____ EXERCISE DATA
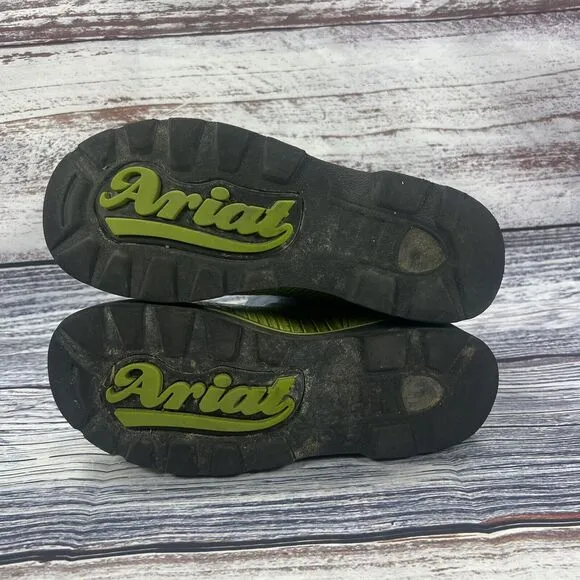 Ariat Fatbaby Green Croc &amp; Blue Suede Western Cowgirl Boots 14746 Women’s Size 6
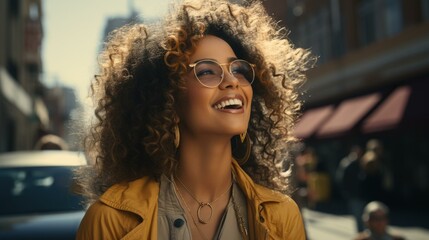 b'A young woman with curly hair is smiling.' - obrazy, fototapety, plakaty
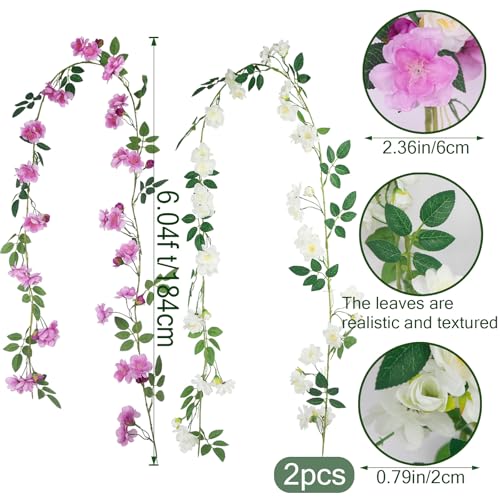 2 Pcs Artificial Flowers Garland for Outdoors Faux Gardenia Garland 12Ft Purple and White Silk Rose Hanging Vines Floral for Wedding Arch Party Wall Garden Ceremony Backdrop Fence Spring Decor - color: Purple and White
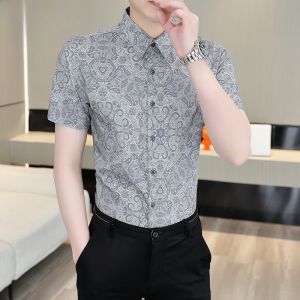 HENGYUANXIANG | Hengyuanxiang Summer New Ice Silk Thin Short Sleeve Shirt Mens Handsome High-end Half Sleeve Slim Floral Shirt Male Polyester Fiber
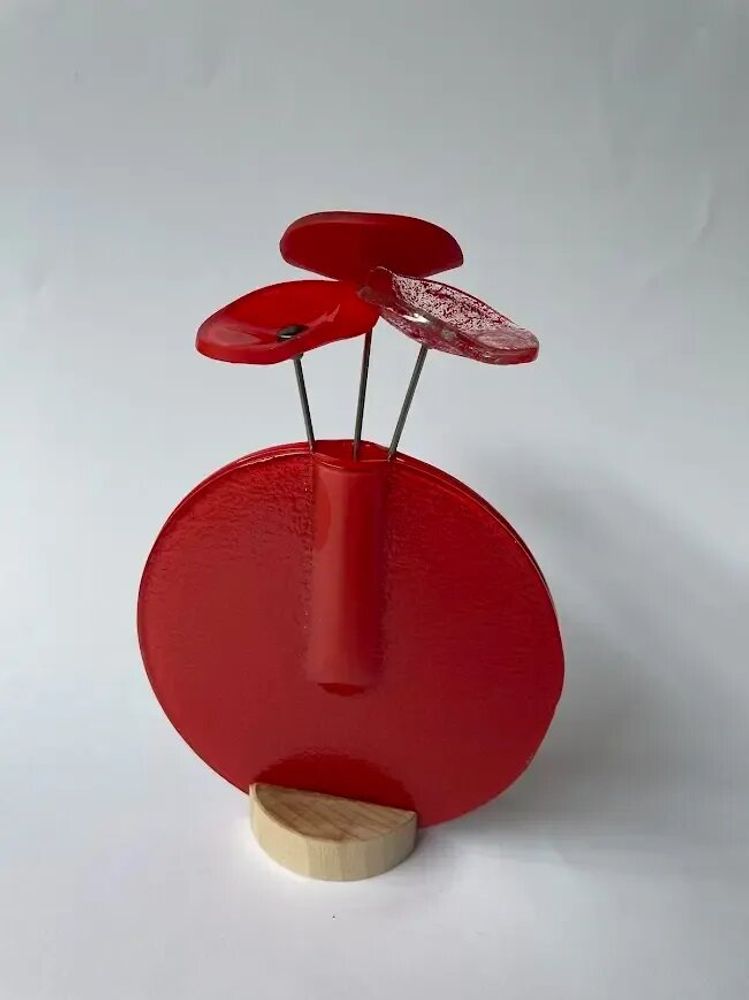 Vases - Round vase set, red colour 13 cm - CARNEOL GLASS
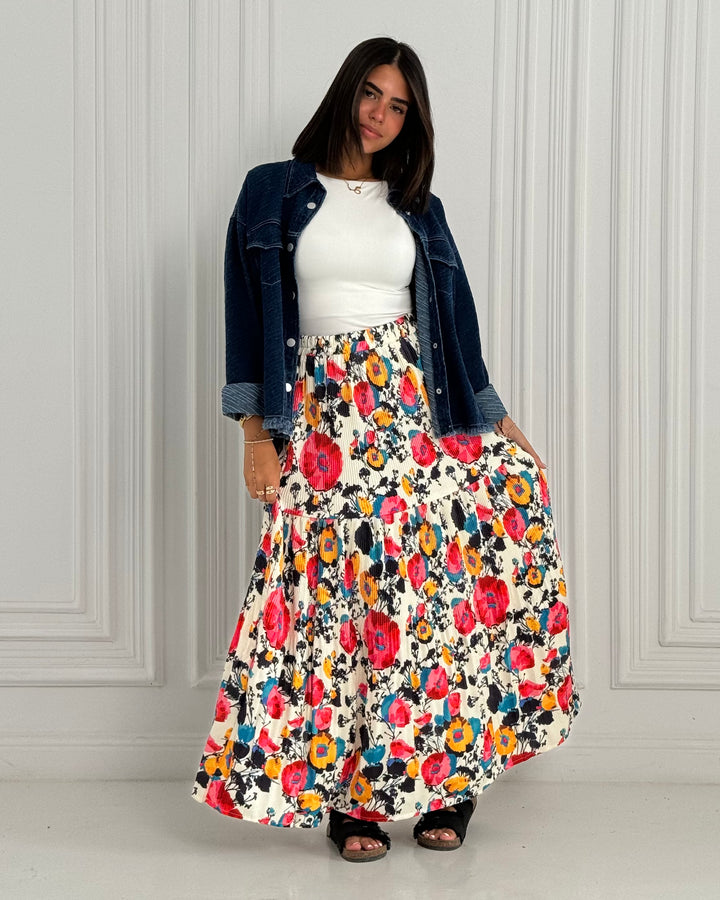 Printed Pilise Skirt -  Pink flowers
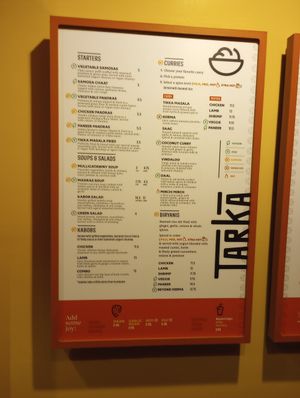 Menu (2 of 2) January 2024 at Tarka Indian Kitchen in Austin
________
Leave out the pictures and repeat exactly the lines from the one containing "2 Pcs Artificial" through the last line of the entries.

 2 Pcs Artificial Flowers Garland for Outdoors Faux Gardenia Garland 12Ft Purple and White Silk Rose Hanging Vines Floral for Wedding Arch Party Wall Garden Ceremony Backdrop Fence Spring Decor - color: Purple and White
 HENGYUANXIANG | Hengyuanxiang Summer New Ice Silk Thin Short Sleeve Shirt Mens Handsome High-end Half Sleeve Slim Floral Shirt Male Polyester Fiber
 Vases - Round vase set, red colour 13 cm - CARNEOL GLASS
 Printed Pilise Skirt -  Pink flowers
 Menu (2 of 2) January 2024 at Tarka Indian Kitchen in Austin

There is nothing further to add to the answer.